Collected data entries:
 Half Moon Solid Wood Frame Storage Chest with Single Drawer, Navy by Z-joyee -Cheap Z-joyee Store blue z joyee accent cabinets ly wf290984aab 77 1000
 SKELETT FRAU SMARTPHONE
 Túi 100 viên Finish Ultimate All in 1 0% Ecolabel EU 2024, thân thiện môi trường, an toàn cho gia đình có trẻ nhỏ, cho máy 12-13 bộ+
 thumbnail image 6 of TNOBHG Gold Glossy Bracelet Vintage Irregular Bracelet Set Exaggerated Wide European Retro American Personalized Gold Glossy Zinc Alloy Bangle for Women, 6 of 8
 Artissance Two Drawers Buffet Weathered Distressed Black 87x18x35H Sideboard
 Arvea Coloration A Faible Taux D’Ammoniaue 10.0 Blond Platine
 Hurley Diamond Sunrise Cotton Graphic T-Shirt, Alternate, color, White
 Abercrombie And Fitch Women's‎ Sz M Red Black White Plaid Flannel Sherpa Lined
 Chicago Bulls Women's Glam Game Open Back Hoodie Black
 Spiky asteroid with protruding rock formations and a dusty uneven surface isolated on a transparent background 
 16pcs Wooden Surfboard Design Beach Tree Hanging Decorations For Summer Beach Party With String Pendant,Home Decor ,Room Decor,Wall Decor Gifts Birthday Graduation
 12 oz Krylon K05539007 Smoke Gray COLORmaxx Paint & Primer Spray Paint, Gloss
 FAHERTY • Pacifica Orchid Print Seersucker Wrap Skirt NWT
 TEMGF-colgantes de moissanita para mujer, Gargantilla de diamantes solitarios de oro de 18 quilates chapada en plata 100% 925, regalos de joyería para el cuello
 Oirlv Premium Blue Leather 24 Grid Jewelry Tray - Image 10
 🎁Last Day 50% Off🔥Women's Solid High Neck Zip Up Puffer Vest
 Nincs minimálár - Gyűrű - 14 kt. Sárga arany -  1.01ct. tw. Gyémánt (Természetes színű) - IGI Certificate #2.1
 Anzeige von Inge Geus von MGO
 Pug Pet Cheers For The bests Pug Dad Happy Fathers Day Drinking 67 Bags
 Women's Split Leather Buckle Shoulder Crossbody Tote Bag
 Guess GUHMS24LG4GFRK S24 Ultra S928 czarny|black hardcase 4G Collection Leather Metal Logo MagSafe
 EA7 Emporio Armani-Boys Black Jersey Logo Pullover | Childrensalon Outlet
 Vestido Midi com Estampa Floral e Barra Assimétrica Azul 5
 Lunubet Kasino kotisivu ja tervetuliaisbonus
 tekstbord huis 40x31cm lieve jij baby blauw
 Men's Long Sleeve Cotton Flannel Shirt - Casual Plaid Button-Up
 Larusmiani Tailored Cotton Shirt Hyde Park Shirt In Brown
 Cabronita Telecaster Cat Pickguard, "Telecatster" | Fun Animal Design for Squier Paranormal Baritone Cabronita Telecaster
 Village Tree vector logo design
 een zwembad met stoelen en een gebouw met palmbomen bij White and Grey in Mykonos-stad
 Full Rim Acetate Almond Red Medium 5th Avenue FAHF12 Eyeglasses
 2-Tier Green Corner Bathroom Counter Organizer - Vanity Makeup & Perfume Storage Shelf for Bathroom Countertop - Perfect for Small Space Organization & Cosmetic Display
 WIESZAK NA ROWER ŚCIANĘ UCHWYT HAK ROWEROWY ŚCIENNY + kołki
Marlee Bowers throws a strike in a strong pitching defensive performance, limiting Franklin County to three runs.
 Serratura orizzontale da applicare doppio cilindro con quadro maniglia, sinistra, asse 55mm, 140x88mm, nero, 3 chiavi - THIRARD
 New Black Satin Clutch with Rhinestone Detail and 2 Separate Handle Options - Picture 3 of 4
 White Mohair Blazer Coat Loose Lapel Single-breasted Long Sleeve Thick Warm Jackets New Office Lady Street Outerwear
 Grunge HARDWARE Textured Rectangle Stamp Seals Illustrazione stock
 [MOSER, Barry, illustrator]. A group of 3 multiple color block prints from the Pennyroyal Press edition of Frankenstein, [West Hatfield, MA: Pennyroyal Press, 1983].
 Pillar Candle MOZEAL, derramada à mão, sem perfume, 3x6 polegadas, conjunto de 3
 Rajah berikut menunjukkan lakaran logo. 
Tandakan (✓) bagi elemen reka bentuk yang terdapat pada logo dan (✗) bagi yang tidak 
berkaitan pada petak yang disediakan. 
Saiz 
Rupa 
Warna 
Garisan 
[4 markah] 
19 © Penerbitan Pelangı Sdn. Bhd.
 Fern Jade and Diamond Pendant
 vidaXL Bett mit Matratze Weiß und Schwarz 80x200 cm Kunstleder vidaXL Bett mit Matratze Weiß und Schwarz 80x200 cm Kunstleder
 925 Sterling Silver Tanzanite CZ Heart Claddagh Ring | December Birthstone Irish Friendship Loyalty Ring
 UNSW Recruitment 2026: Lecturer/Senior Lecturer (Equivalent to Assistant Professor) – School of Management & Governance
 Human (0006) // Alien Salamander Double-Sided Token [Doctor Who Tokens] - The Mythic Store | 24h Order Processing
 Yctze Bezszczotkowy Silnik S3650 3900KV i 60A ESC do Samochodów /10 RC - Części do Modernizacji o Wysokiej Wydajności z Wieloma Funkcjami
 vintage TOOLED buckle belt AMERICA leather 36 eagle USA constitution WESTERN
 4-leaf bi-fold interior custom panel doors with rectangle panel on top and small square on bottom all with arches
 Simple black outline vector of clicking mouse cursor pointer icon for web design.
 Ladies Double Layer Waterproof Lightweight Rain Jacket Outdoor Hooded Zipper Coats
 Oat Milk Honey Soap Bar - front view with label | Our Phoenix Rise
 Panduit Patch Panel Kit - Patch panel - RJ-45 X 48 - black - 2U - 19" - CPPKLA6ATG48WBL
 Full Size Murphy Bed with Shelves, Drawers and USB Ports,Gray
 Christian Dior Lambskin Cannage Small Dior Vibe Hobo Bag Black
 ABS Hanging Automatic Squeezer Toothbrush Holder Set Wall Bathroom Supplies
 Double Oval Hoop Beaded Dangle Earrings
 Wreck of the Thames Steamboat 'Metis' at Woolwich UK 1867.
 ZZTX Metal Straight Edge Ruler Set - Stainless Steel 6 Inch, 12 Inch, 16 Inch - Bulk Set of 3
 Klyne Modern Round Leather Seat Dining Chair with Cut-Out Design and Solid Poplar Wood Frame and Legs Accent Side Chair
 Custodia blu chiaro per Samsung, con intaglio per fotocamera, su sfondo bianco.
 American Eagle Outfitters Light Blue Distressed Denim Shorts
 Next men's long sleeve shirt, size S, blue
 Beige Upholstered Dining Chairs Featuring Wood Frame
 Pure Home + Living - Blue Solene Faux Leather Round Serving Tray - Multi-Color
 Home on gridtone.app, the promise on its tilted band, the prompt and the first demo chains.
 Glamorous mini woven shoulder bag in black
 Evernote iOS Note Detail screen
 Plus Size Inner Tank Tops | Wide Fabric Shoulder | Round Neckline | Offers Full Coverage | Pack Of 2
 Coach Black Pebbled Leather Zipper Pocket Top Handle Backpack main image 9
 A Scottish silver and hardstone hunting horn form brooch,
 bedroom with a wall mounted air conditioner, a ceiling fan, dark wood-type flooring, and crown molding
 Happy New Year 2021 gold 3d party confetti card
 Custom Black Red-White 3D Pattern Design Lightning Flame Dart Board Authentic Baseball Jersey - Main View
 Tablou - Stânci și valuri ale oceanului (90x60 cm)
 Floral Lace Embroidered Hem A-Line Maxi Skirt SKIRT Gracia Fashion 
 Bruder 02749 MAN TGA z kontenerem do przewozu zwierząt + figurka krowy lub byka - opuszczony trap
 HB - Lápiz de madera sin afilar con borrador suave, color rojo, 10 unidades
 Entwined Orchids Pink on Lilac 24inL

WORK INSTRUCTION:
When you reach the line holding "Happy New Year" in the records above, begin reproducing exactly, stop after the line holding "Floral Lace Embroidered", and output nothing else.

ANSWER TO THIS TASK:
 Happy New Year 2021 gold 3d party confetti card
 Custom Black Red-White 3D Pattern Design Lightning Flame Dart Board Authentic Baseball Jersey - Main View
 Tablou - Stânci și valuri ale oceanului (90x60 cm)
 Floral Lace Embroidered Hem A-Line Maxi Skirt SKIRT Gracia Fashion 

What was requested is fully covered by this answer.